The projected death and destruction eclipse almost any other natural disaster that people paid to think about catastrophes can dream up. And the risks are significant, especially over the long term. In a given year, for example, the corps says the risk of the lakefront levees being topped is less than 1 in 300. But over the life of a 30-year mortgage, statistically that risk approaches 9 percent.

Like Paul at Wizbang says, pray.

Posted by Buckethead Buckethead on   |   § 0

Three Years

At this time three years ago, flight 93 crashed into a field in southeastern Pennsylvania. Since that time, we have not suffered another terrorist attack in this country. But many have died in those three years. They sacrificed their lives to protect ours, and our freedom. Think of them, and of those that died three years ago today. For their sake we need to remember that there is evil in the world, and that it is worth fighting.

Posted by Buckethead Buckethead on   |   § 1

Christbot

For ten bucks and the resources of the greatest technologists on the planet, you too can have a robot that walks on water. It's almost becoming pointless to post these discoveries as sometime next week, probably on Tuesday, they'll invent armor plated flying robots armed with particle beams that have the intelligence of five Einsteins and can raise the dead. Only they won't, they'll just kill. Or maybe they'll kill us, then bring us back just so they can kill us more.

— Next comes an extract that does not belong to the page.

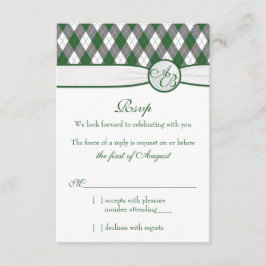 Raute Golfball Golf Green Monogram Wedding RSVP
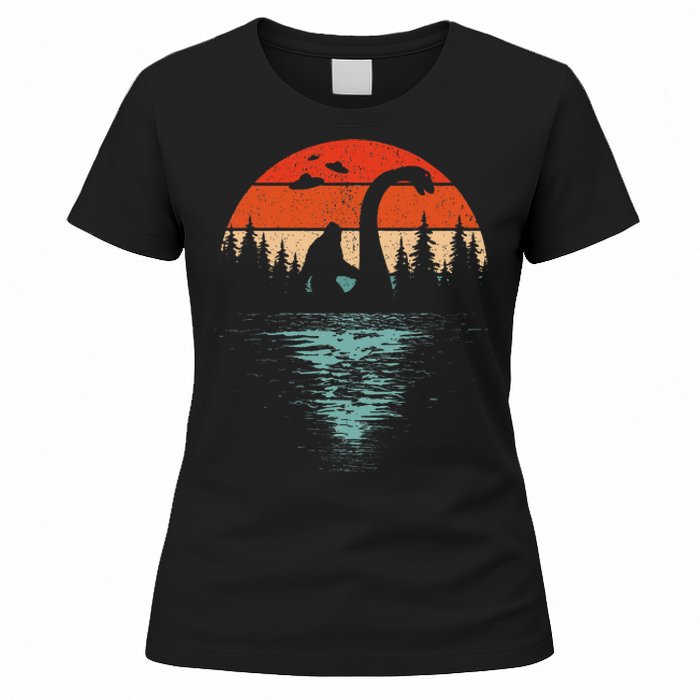 Bigfoot Riding Loch Ness Monster 80s Funny Sasquatch Nessie Women's T-Shirt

Posted by Buckethead Buckethead on   |   § 2

Given Cheney's proclivities...

This may not be that unlikely:

On a lighter note, the AP also reports that Kerry has resorted to making fun of the president's middle initial: "The 'W' stands for wrong," Kerry said of Bush's middle initial. "Wrong choices, wrong judgment, wrong priorities, wrong direction for our country." Wow, there's a compelling argument. Of course, turnabout is fair play. Maybe Dick Cheney could adopt a similar slogan: "The 'F' stands for . . ." Ah, never mind.